In November of 2008, three days after she was diagnosed with advanced ovarian cancer, Susan Gubar underwent a debulking operation. The procedure entails the removal of part of the cancer—and often several of the organs that are in contact with it—and, as Gubar writes in her new book, Memoir of a Debulked Woman, it’s the standard initial response to the disease. “Have you ever heard of a debulked woman?
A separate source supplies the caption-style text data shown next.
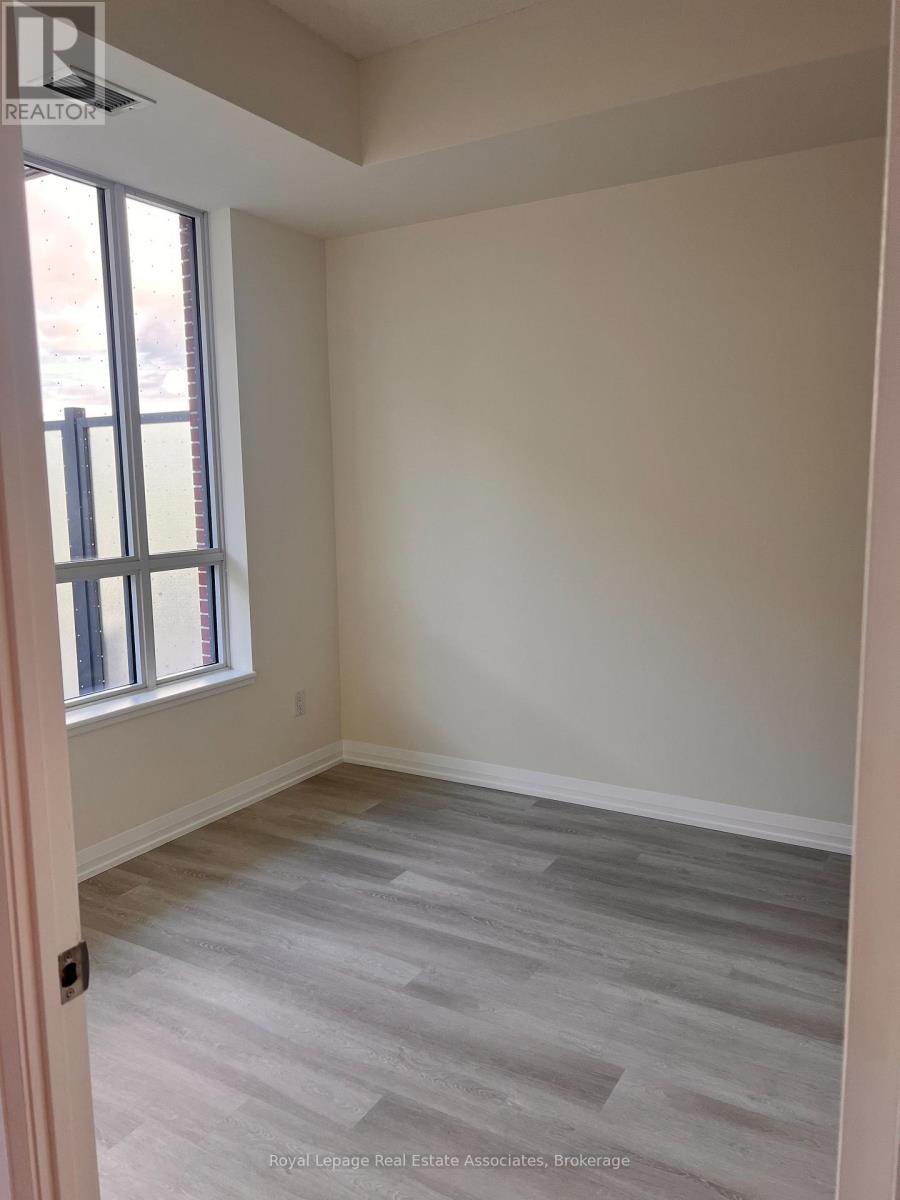 1028 - 3260 Sheppard Avenue, Toronto, Ontario  M1T 3K3 - Photo 11 - E12479114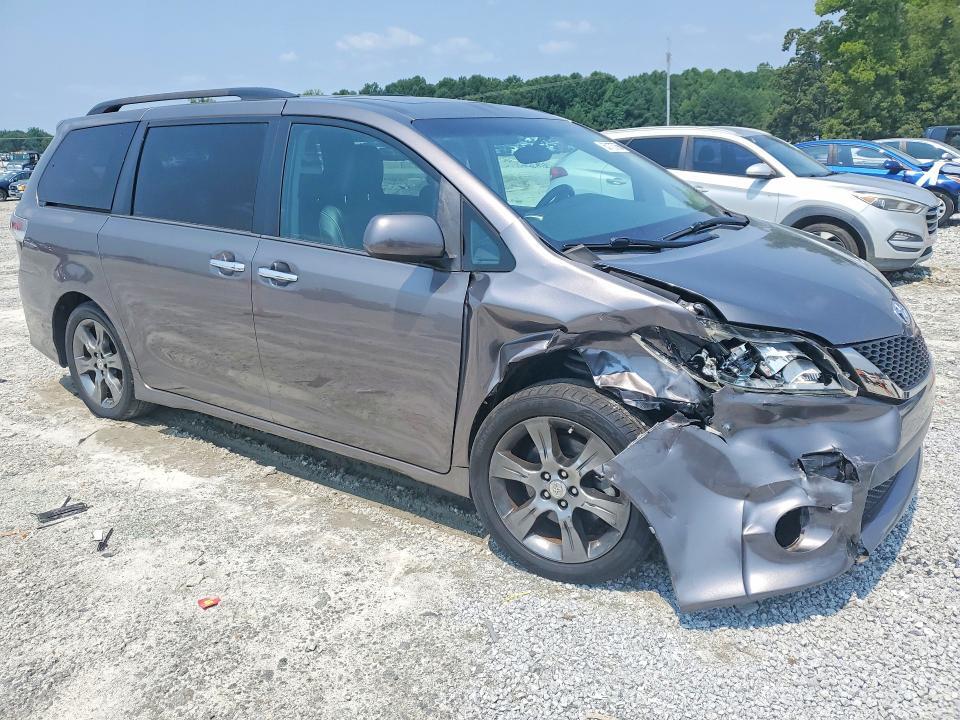2016 TOYOTA SIENNA SE — Фото 4 из 13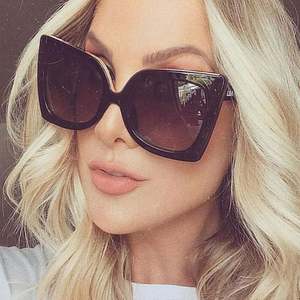 Vente en gros de lunettes de soleil vintage de haute qualité, grandes montures, style œil de chat, UV400, surdimensionnées, pour femmes, 2021 - Product Image 3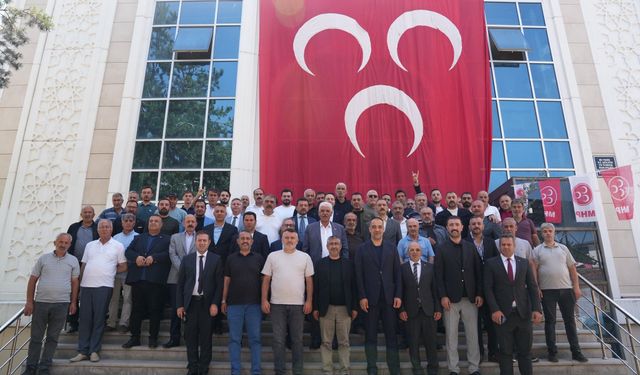 MHP Tortum İlçe Başkanlığı'nda İlhan Uzun güven tazeledi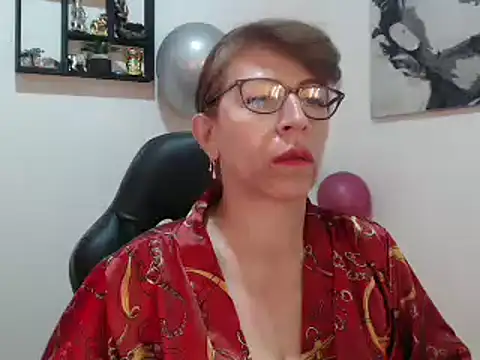 Chayla Ruiz online show from 03-12-25, 02:23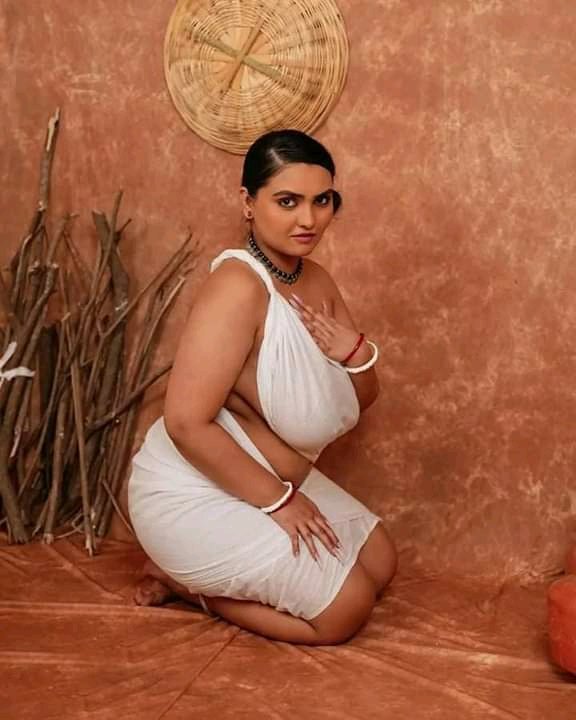 আমার কাছে মধু আছে কে কে খাবে চলে এসো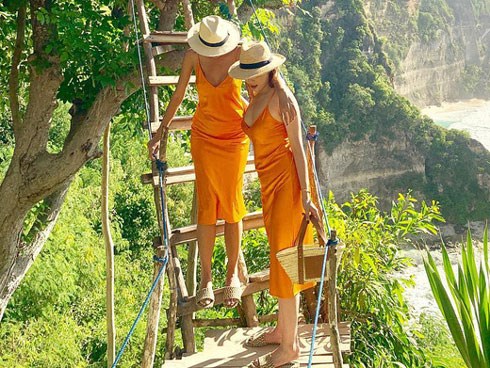Đã mắt khi ngắm style du lịch của sao Việt nhưng đồng thời, bạn sẽ góp nhặt được 1001 ý tưởng diện đồ tuyệt xinh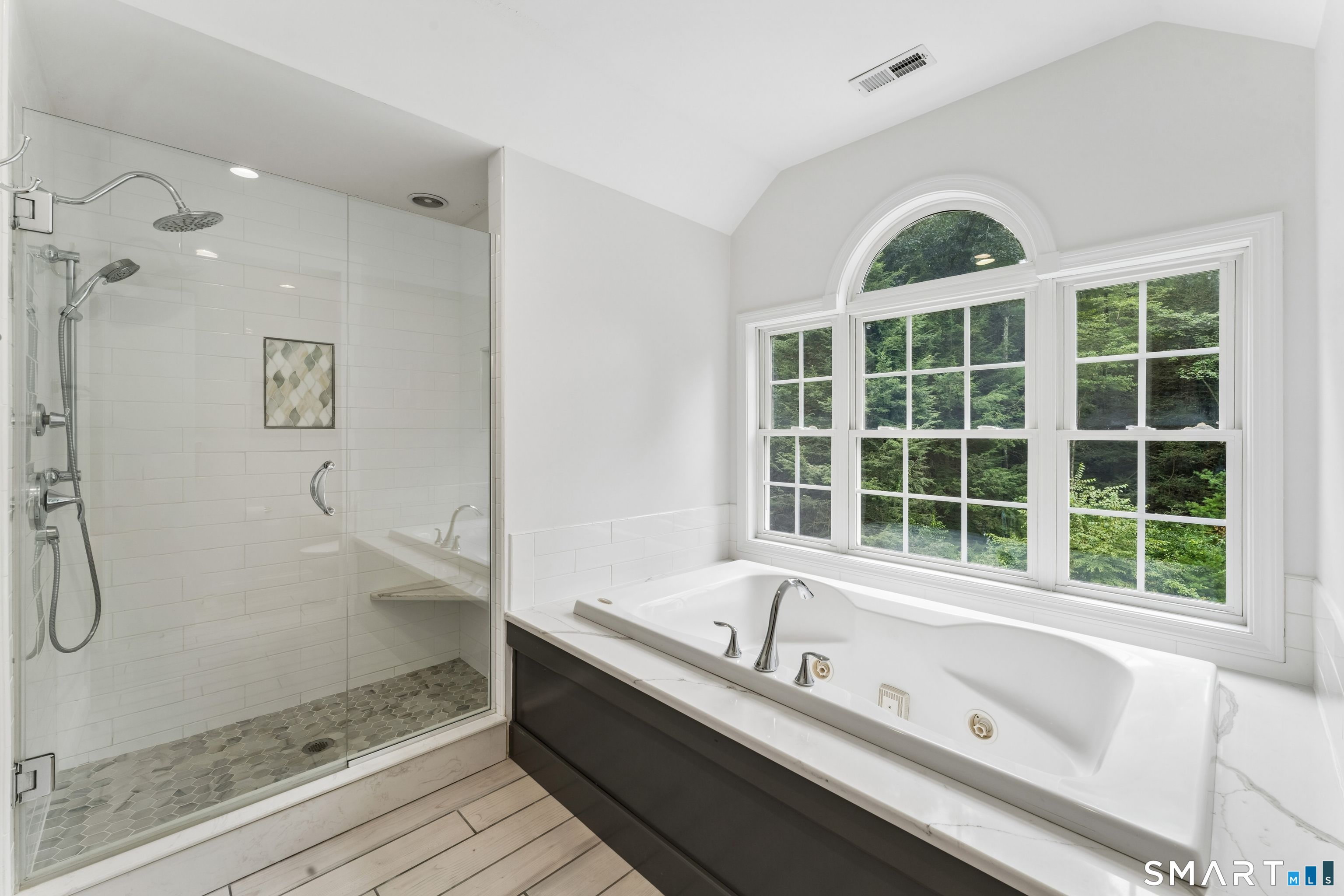 10 Pearl Street Newtown CT 06482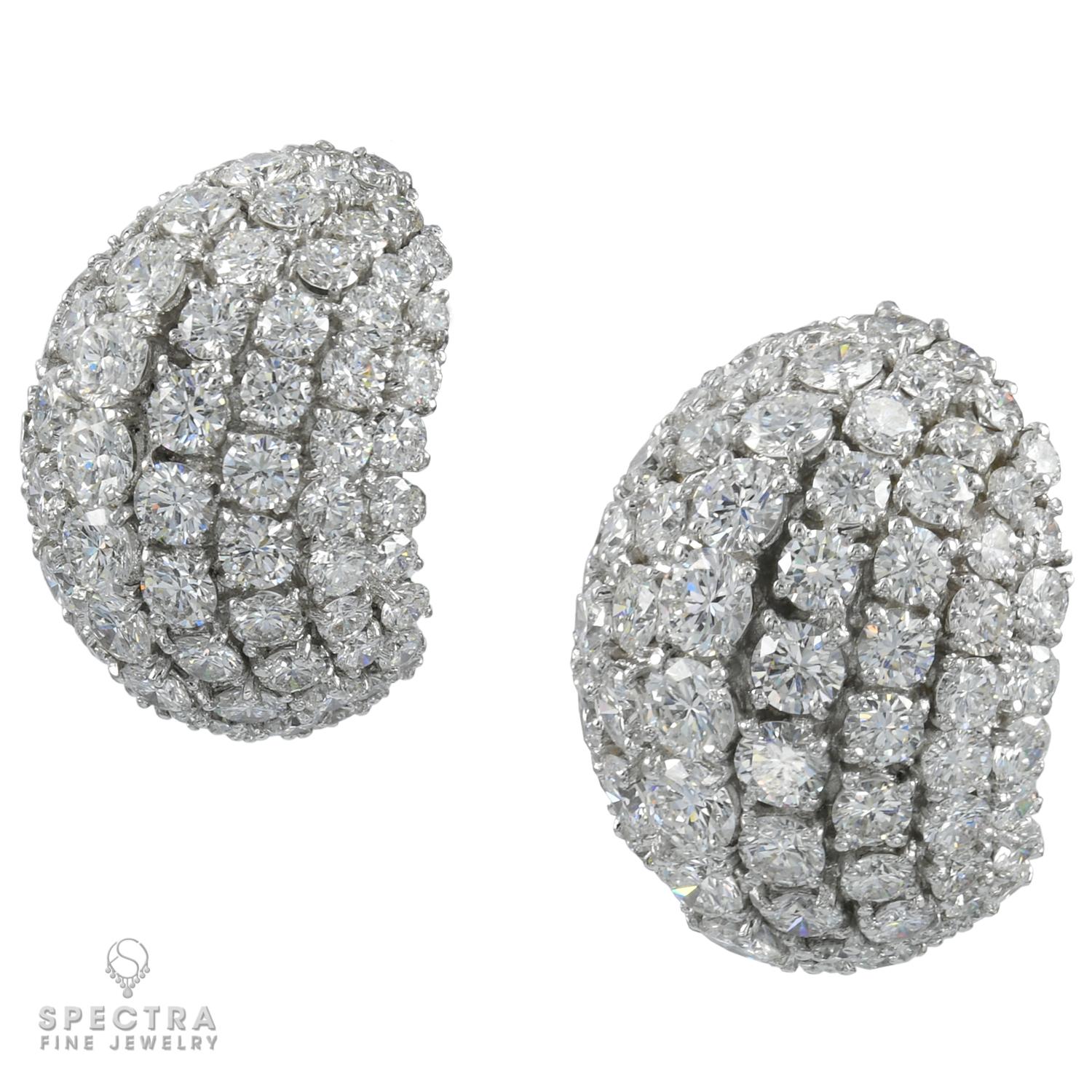 Contemporary Spectra Fine Jewelry 18 Karat White Gold Diamond Earrings For Sale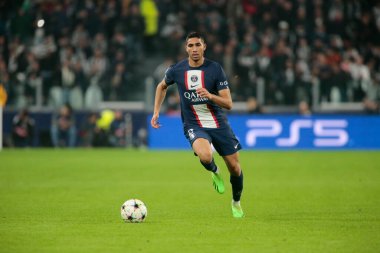 UEFA Şampiyonlar Ligi H Grubu sırasında Paris Saint-Germain FC 'den Achraf Hakimi, 2 Kasım 2022 tarihinde İtalya' nın Allianz Stadyumu 'nda Juventus Fc ve Paris Saint Germain arasında oynanan futbol karşılaşması. Fotoğraf: Nderim Kaceli - Fotoğraf: Nderim Kaceli / LiveMedi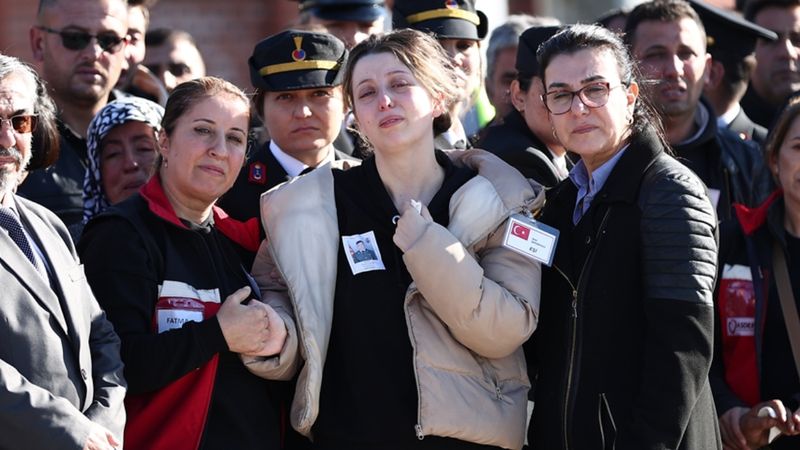 Türkiye şehitlerini uğurluyor: Kahramanlara son veda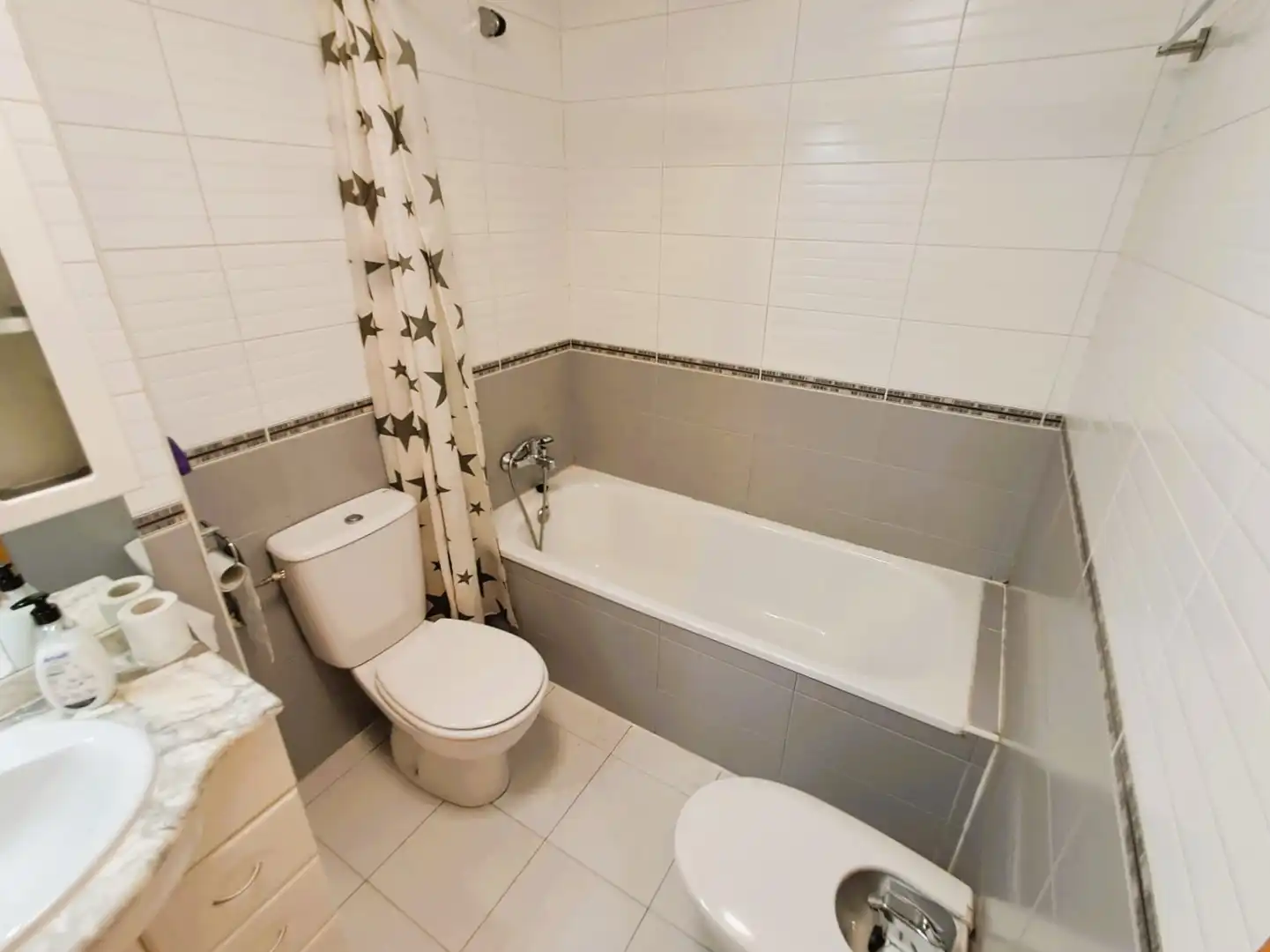 Baño de Piso en venta en Madrid con Aire acondicionado, Calefacción y Parquet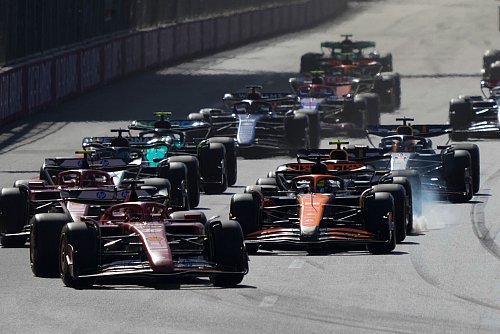 Ferrari-Pilot Charles Leclerc führte das Feld nach dem Start an. - © Sergei Grits/AP/dpa
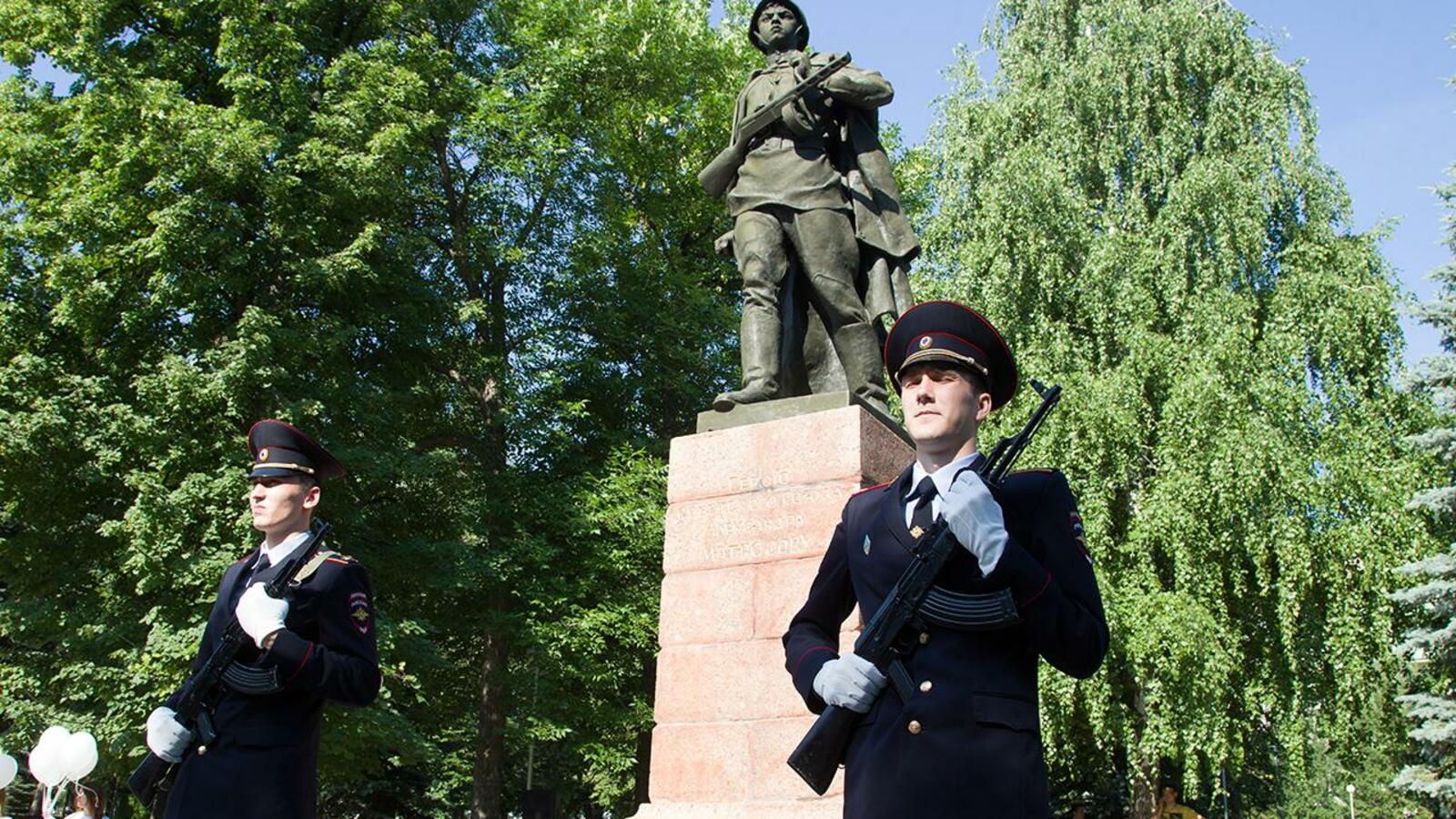 Олег Яровиков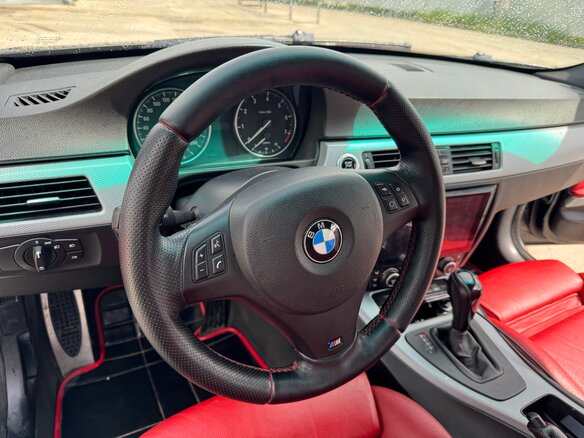 2008 BMW 3 серии 325i V (E90/E91/E92/E93) Рестайлинг, чёрный, 1200000 рублей - вид 9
Have you ever seen one?” she writes. “I am one such living, breathing, debulked woman, though no one ever explained to me how such a being comes about, what such a condition means, or how it would feel" (The New Yorker).
Barbara Zelizer
Barbie Zelizer, the Raymond Williams Professor of communication at the Annenberg School for Communication, University of Pennsylvania, presented “Trauma Through the Camera’s Eye” at GVSU in 2003..
A noted authority on journalism, popular culture, and the media, Zelizer is the author of Remembering to Forget: Holocaust Memory Through the Camera’s Eye, which won the 2000 Best Book Award from the International Communication Association as well as other national awards. Zelizer shows how the powerful photographs of liberated concentration camps not only became the basis for public perception of the Holocaust, but also helped legitimize the camera as a tool of journalism. In Journalism After September 11, published in 2002, Zelizer co-edited writings by scholars and media commentators examining how the attacks transformed the nature of journalism, and what journalism looks like today.